* [BRIEF]
A verbatim copy of the data is wanted, minus any picture in it.

* [PROVIDED MATERIAL]
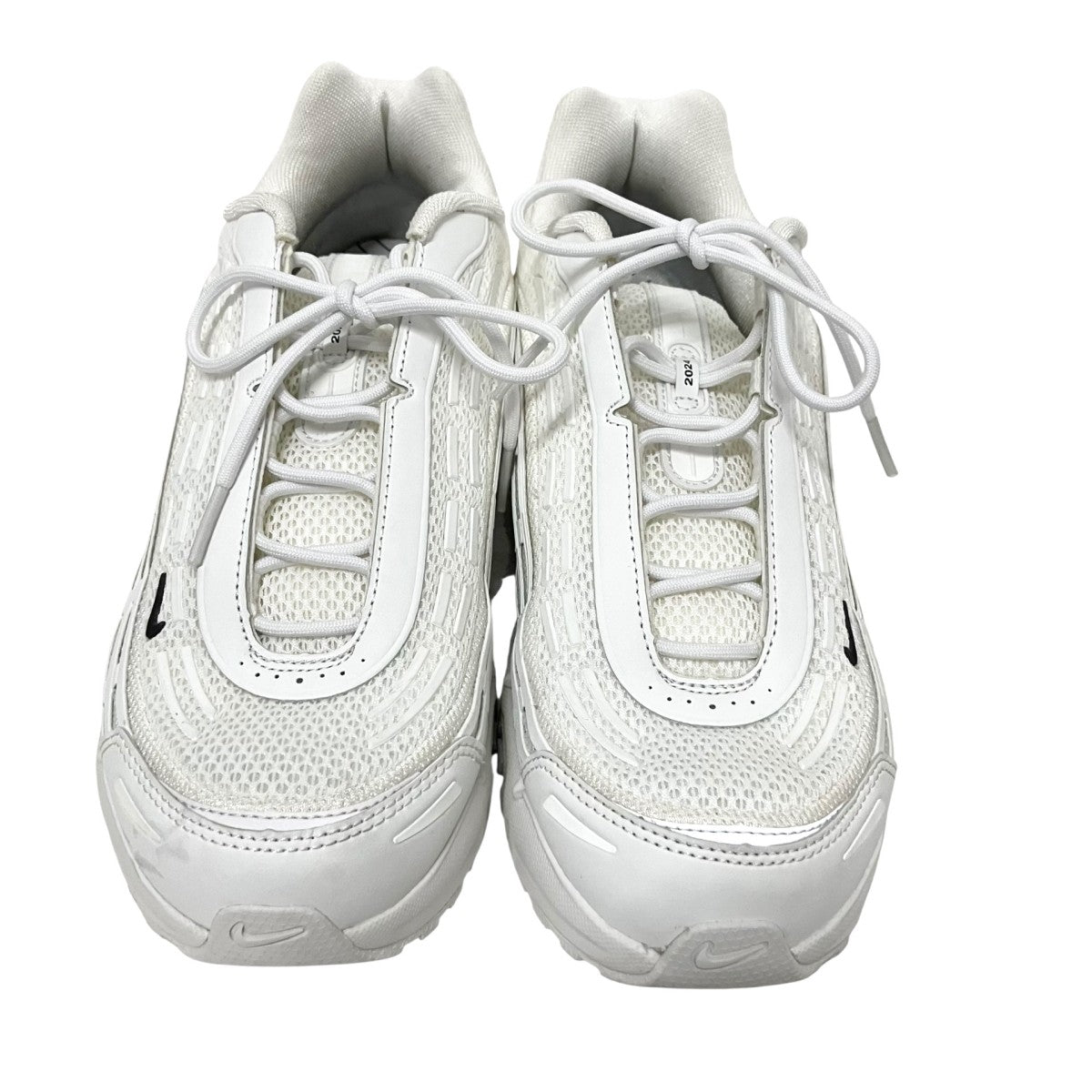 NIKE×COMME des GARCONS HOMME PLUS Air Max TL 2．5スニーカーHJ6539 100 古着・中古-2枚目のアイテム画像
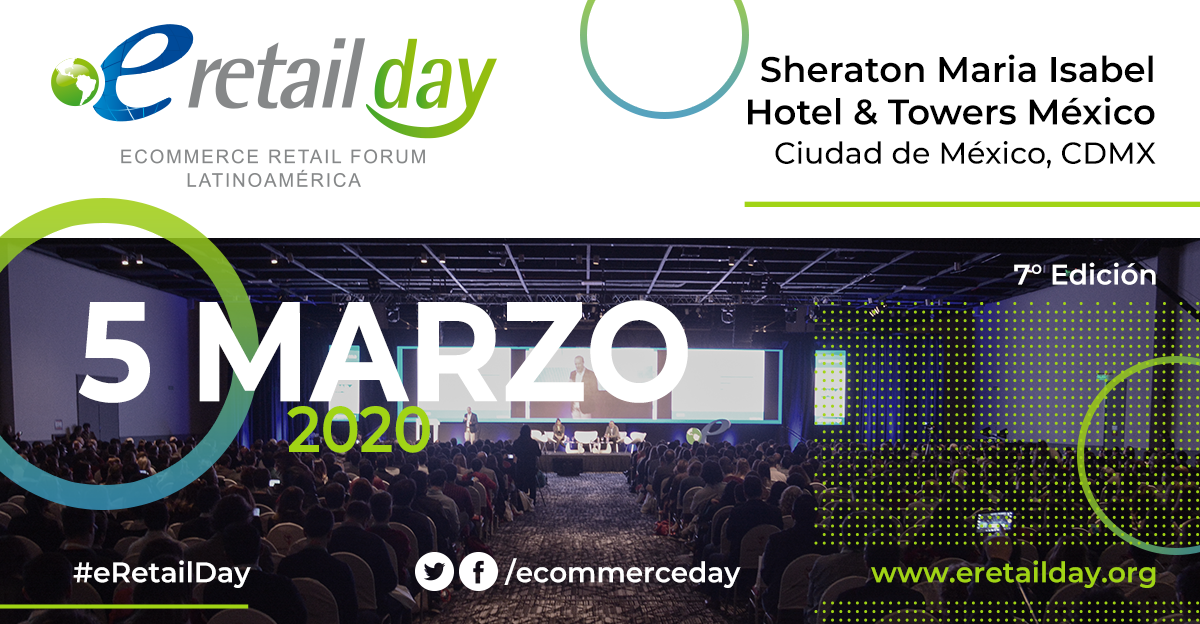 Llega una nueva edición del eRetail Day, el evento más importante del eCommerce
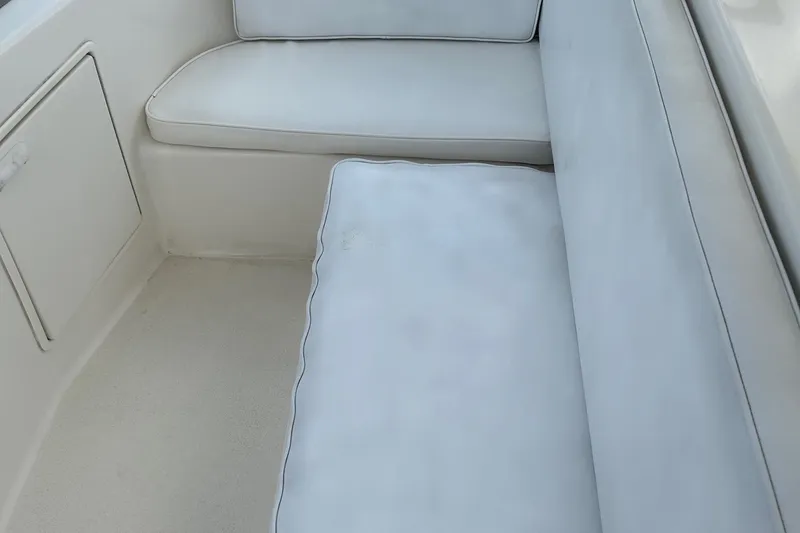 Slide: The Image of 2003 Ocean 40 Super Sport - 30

* [FINISHED TASK]
 NIKE×COMME des GARCONS HOMME PLUS Air Max TL 2．5スニーカーHJ6539 100 古着・中古-2枚目のアイテム画像
 Llega una nueva edición del eRetail Day, el evento más importante del eCommerce
 Slide: The Image of 2003 Ocean 40 Super Sport - 30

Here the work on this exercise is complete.